* **SOURCE MATERIAL**:
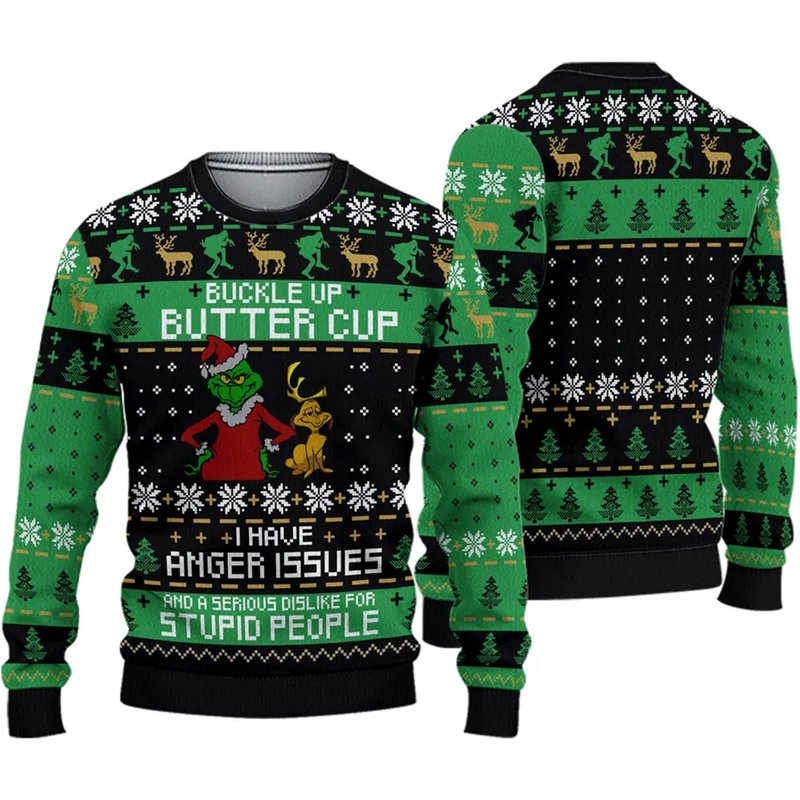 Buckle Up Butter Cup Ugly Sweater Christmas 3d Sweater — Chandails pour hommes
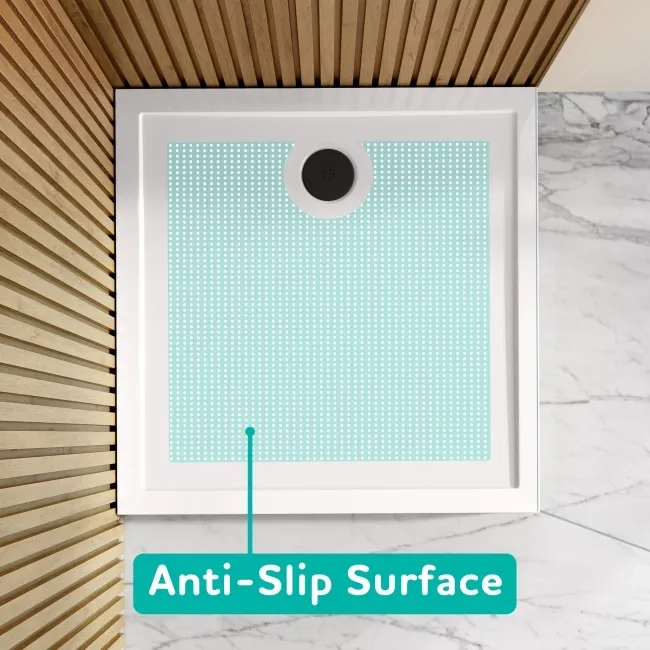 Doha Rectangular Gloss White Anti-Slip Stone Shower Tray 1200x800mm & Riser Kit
* * *
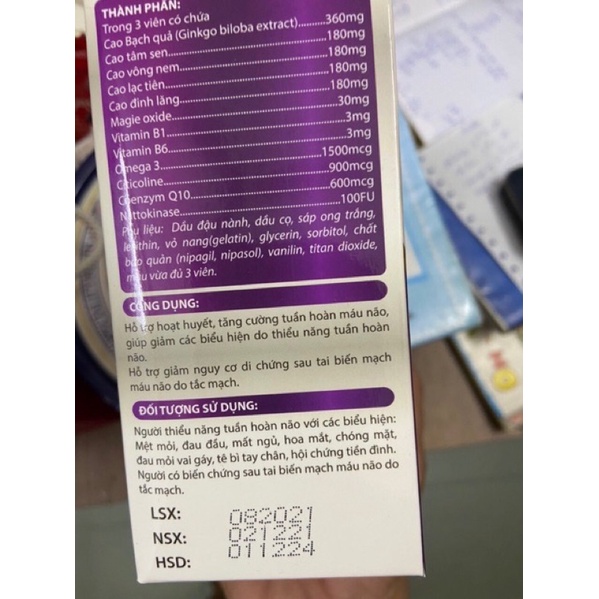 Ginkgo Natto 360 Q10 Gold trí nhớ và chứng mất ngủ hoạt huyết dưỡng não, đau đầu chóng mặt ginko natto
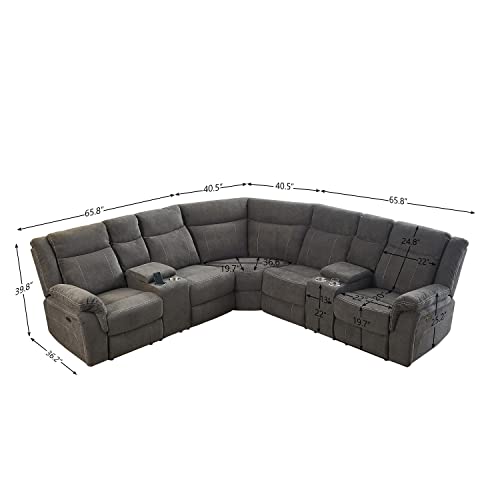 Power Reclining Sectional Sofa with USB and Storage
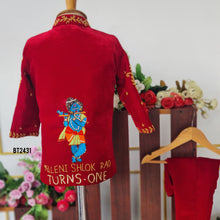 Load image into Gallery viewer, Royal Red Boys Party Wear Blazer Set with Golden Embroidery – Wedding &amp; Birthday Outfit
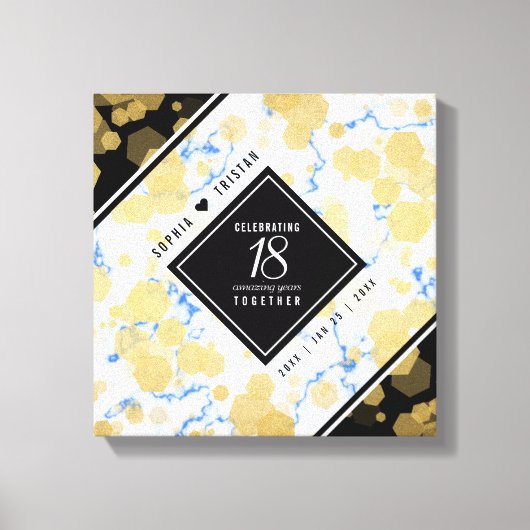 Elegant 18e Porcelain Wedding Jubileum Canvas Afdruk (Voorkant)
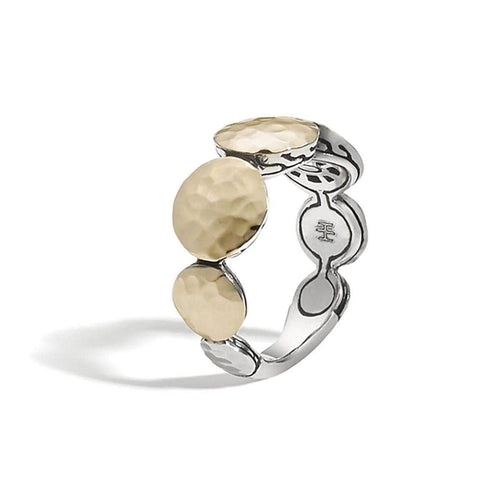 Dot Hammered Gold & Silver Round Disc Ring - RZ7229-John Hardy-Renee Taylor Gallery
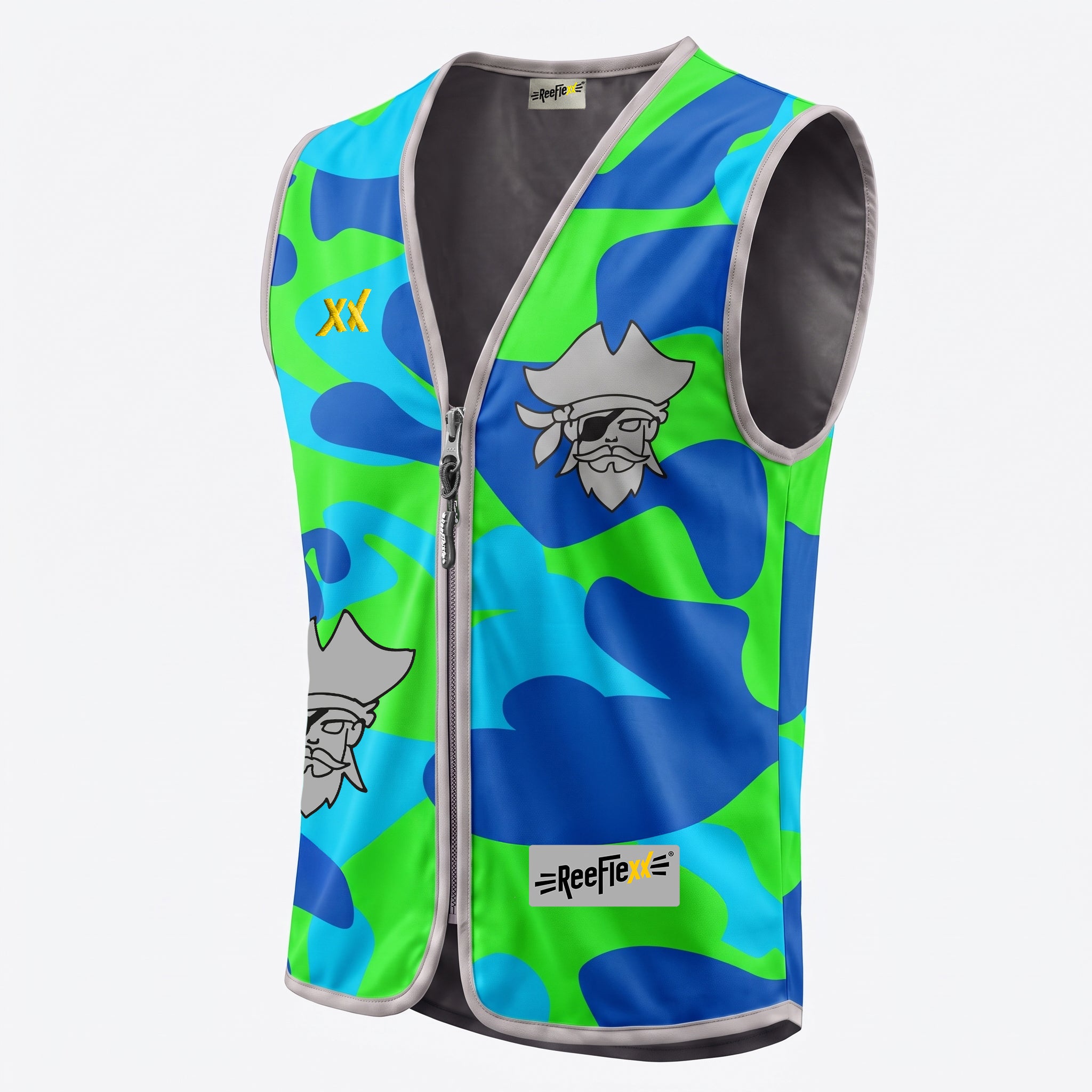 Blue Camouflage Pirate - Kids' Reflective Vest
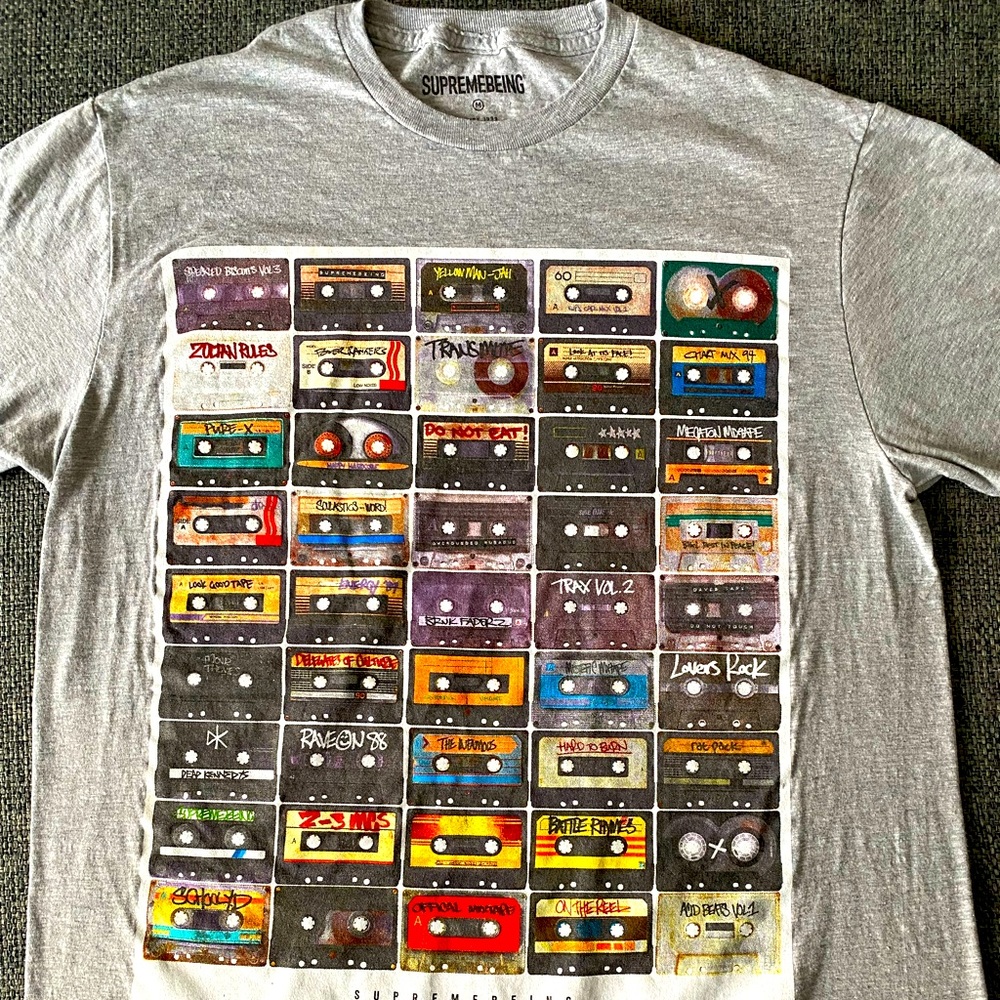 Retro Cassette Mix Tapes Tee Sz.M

* **EXERCISE GOAL**: Write out exactly the lines above between the one with "Load image into" and the one with "Retro Cassette Mix Tapes Tee Sz.M", inclusive, with pictures left out.

* **TASK OUTPUT**:
 Load image into Gallery viewer, Royal Red Boys Party Wear Blazer Set with Golden Embroidery – Wedding &amp; Birthday Outfit
 Elegant 18e Porcelain Wedding Jubileum Canvas Afdruk (Voorkant)
 Dot Hammered Gold & Silver Round Disc Ring - RZ7229-John Hardy-Renee Taylor Gallery
 Blue Camouflage Pirate - Kids' Reflective Vest
 Retro Cassette Mix Tapes Tee Sz.M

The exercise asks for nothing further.